━━ Provided records ━━
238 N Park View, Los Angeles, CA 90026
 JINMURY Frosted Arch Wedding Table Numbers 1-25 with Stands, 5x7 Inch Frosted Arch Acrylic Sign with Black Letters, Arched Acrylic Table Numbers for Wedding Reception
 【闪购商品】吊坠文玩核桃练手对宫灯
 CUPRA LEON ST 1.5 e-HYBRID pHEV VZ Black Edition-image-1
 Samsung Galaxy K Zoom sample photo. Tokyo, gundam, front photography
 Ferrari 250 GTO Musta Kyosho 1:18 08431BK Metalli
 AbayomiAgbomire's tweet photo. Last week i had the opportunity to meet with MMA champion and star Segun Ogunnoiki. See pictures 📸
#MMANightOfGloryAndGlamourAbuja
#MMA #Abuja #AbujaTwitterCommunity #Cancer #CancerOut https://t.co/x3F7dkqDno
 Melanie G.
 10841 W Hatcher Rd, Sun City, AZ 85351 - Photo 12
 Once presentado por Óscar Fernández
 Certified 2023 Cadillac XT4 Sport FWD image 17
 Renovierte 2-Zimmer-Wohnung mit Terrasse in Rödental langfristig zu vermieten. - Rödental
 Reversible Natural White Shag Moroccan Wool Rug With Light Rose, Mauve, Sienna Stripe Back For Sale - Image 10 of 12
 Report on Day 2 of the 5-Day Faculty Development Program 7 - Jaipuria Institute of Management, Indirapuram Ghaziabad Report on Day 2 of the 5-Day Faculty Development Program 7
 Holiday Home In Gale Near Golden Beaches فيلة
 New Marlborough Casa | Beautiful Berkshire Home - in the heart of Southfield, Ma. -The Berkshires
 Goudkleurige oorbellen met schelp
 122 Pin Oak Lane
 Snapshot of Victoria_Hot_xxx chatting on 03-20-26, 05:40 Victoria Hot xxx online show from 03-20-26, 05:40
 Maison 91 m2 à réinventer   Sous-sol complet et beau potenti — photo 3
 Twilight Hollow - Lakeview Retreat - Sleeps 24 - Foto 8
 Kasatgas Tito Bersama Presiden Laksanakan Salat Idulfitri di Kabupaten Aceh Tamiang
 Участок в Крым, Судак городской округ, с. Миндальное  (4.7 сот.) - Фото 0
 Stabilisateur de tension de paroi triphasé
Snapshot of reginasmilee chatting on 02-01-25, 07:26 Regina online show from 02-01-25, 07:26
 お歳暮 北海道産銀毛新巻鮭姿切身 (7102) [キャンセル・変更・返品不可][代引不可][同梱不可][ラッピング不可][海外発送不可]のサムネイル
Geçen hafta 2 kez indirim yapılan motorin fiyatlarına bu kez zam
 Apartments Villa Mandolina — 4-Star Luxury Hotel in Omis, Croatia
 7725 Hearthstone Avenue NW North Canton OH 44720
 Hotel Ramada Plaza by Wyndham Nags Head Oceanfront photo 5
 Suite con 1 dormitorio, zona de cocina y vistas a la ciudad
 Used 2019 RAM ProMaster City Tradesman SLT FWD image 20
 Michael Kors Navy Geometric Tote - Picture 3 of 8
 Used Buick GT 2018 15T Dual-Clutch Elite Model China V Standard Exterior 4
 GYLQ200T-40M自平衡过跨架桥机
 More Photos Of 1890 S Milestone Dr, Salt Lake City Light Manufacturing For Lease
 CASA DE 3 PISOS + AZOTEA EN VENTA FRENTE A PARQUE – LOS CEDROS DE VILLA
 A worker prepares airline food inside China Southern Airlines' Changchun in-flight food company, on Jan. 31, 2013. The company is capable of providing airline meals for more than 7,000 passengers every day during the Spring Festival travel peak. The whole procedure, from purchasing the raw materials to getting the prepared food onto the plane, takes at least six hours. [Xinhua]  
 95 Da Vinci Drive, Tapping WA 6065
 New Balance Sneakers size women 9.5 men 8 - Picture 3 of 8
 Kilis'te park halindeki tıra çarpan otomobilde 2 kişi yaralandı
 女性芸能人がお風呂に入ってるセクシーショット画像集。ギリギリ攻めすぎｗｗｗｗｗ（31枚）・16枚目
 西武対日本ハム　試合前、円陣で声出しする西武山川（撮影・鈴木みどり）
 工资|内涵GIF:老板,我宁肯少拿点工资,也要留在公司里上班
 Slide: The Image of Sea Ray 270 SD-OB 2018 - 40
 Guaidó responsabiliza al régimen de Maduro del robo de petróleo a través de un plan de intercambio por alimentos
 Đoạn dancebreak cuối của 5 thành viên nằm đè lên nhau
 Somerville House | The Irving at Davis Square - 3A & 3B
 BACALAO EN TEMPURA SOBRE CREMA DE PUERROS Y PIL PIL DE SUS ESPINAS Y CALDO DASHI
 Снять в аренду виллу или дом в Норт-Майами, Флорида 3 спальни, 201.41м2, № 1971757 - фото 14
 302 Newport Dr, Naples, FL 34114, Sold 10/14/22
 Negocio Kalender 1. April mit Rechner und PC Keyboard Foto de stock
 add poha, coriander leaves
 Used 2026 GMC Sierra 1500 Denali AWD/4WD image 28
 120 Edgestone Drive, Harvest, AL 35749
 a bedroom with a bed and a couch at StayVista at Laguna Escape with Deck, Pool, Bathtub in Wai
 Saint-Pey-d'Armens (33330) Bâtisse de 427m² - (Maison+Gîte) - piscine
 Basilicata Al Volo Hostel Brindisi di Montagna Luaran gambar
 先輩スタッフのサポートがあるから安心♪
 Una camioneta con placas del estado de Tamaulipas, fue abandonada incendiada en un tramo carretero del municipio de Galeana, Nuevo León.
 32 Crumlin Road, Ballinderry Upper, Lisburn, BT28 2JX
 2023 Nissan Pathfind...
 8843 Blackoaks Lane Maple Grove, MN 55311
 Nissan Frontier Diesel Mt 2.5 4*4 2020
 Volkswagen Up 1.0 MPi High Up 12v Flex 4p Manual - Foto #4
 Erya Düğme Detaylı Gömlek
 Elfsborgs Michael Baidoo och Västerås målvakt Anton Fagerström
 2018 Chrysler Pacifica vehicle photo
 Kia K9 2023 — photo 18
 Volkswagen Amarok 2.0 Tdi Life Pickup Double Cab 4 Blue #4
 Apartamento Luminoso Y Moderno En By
━━━
- [Exercise requirements] Reproduce, please, the lines of the material from its first line down to the line containing "Ferrari 250 GTO", keeping both ends and nothing beyond them.

- [Answer section]
238 N Park View, Los Angeles, CA 90026
 JINMURY Frosted Arch Wedding Table Numbers 1-25 with Stands, 5x7 Inch Frosted Arch Acrylic Sign with Black Letters, Arched Acrylic Table Numbers for Wedding Reception
 【闪购商品】吊坠文玩核桃练手对宫灯
 CUPRA LEON ST 1.5 e-HYBRID pHEV VZ Black Edition-image-1
 Samsung Galaxy K Zoom sample photo. Tokyo, gundam, front photography
 Ferrari 250 GTO Musta Kyosho 1:18 08431BK Metalli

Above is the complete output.